Monday, Feb. 24, 1997

ONLY DISCONNECT

By Roger Rosenblatt

On a weekend for which a light dusting was forecast, a good four inches fell on Quogue. They wouldn't call four inches snow in places like Butte and Fargo, but on the southern shore of eastern Long Island the amount is impressive. It makes a sudden New England of an area that, in fact, was settled before most of New England, in the mid-17th century. The steep roofs of the New England-like houses are lathered with snow, and the surprisingly tall pines are shagged with ice, the way they get in Vermont. The main difference is the beach; there is snow on the beach.

I walked to the beach on Sunday morning. The snow made a wide lateral strip at the top, and where it stopped, the sand, brown and wet, continued to the lip of the ocean. I suppose the tide washing ashore made that portion of the sand too warm and moist to sustain the covering of snow, so half the beach was snow and the other half sand.

Sights like that are jarring to the senses because our experience tells us that certain things, both in and out of nature, do not go together. Meret Oppenheim's fur-covered cup, saucer and spoon is always upsetting, no matter how often one looks at it, because we tend to keep certain textures and functions separate in our minds. Snow on a beach is not upsetting in the same way, but it startles the imagination. Where a child built a castle in the sand, he might make a snowman in winter. Or he could build a fort, two forts, two forts of perishable substances. Two beachheads.

My mind drifts in this direction because, no matter that I know there is no reason for bringing the snow and the sand together, still, one is always trying to connect disparate things. How should one drink tea out of an animal? What coherent whole can I make of snow on a beach?

Students of my generation were taught that E.M. Forster's Howards End is an important novel because its central dictum, "Only connect," is a prescription for the moral life. It was assumed that making connections was a sign of the mind's worth and purpose. Only connect; things fall apart; these fragments I have shored against my ruins. Perhaps this effort to bridge and yoke was a consequence of the big bad Bomb, and of a world growing up under the persistent threat of disintegration.

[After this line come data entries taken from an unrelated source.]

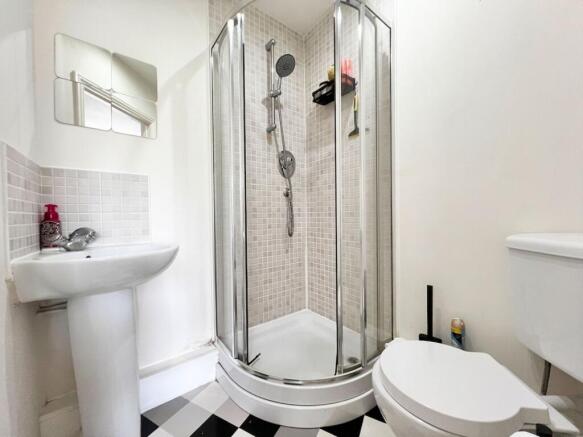 2 bed Apartment for sale Image 10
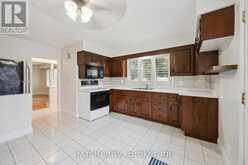 130 SPEEDVALE AVENUE W | Guelph Ontario | Slide Image Twelve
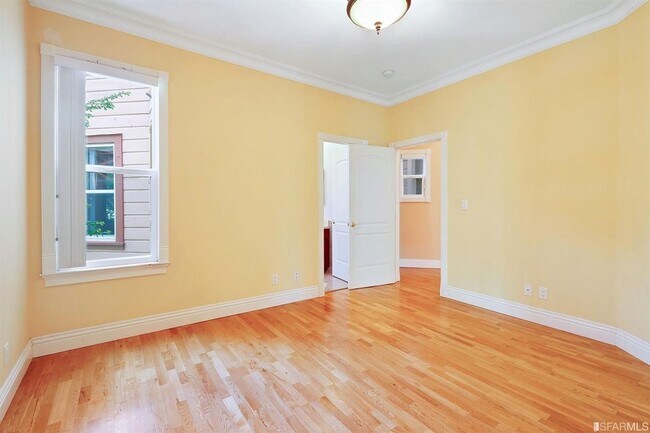 Building Photo - Spacious Mission District 2+ Bedroom 2 Bat...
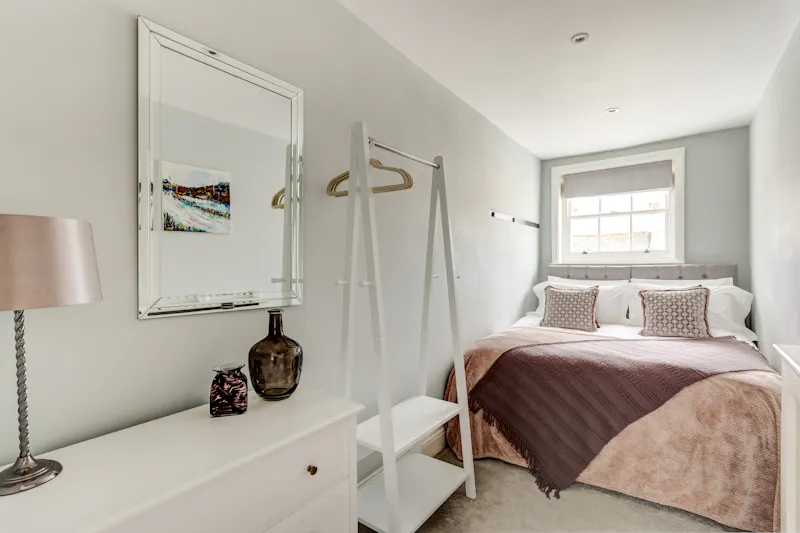Bedroom at Brighton Kemptown townhouse, B1943 (photo 11)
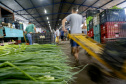 Permissionários atacadistas da Ceasa Curitiba fazem doação 25 toneladas de alimentos para entidades beneficentes de Curitiba e Região Metropolitana, além de famílias atingidas pelas chuvas em Irati, na região Centro-Sul do Estado. - Curitiba, 29/01/2021  - Foto: Gilson Abreu/AEN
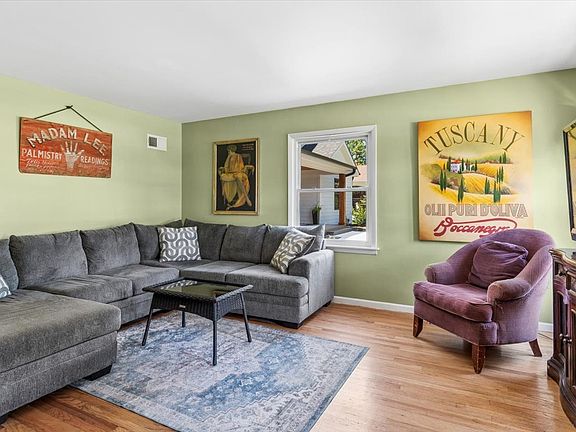 2nd image of 4532 Sherwood Ave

Perhaps it was simply an invention of the academy in which exam questions insisted on one's making sense of this as related to that.

A couple of weeks ago, on a Tuesday night, the country was treated to a very different this and that in the simultaneous broadcast of the State of the Union address and the announced verdict of the O.J. Simpson civil trial. Observers on television and in print tried to only connect--the President's reference to race troubles and the allegedly mythic figure of O.J. and the appearance of J.C. Watts Jr., the African-American Congressman who was selected to give the g.o.p. response. There was no logical relationship among these pieces; connections had to be forced. It was too hard to give disintegration its due, much less to take satisfaction in it. We are naturally antianarchic, pro-stability, pro-union.

Some years ago, I was watching the Academy Awards on one channel, staring at the shimmering people. And then I flipped to another channel where the news was showing some 80 dead bodies swaddled in body bags on the floor of an auditorium. They were the victims of the Happy Land social club fire in the Bronx. Flip: the Academy Awards. Flip: the dead of the Bronx. I wondered how these things fit together in the world. Would there be a movie made of the Happy Land fire? Would it win an Oscar?

So I sympathize with those people who sought to create a unity of thought and emotion out of O.J., J.C. and the President, but I also believe that trying to fit parts into a whole makes each component smaller, less interesting and inauthentic. There is a life of parts, as valid as the life of the whole. Simply noting is often enough. What right have I to give the universe a shape other than the one in which it presents itself without comment? There: Madeleine Albright is Jewish. There: Ecuador's President sings A Madman in Love to win the hearts of his people. The world steps forward as Dennis Rodman more often than as Grant Hill, bad as it wants to be, still loco after all these years.

The sad truth (Is it sad?) is that no great story ever makes sense, nothing important is to be understood, and no part fits.

On the snowy beach I thought of an old friend who just got married to the wonderful woman with whom he had been living in perfect bohemian splendor for a dozen years, in a high Episcopalian ceremony so beautiful it took your breath away. And I thought of an old enemy and his new wife who are about to have their first child, and I wished them great happiness. I thought of other things I cannot name. Then I thought of my mother, 89, her once fine and witty mind assaulted by Alzheimer's but otherwise, and cruelly, in excellent health. I thought of her sitting on a beach under a striped umbrella holding a vanilla ice-cream cone, while I, at a distance, built a fort.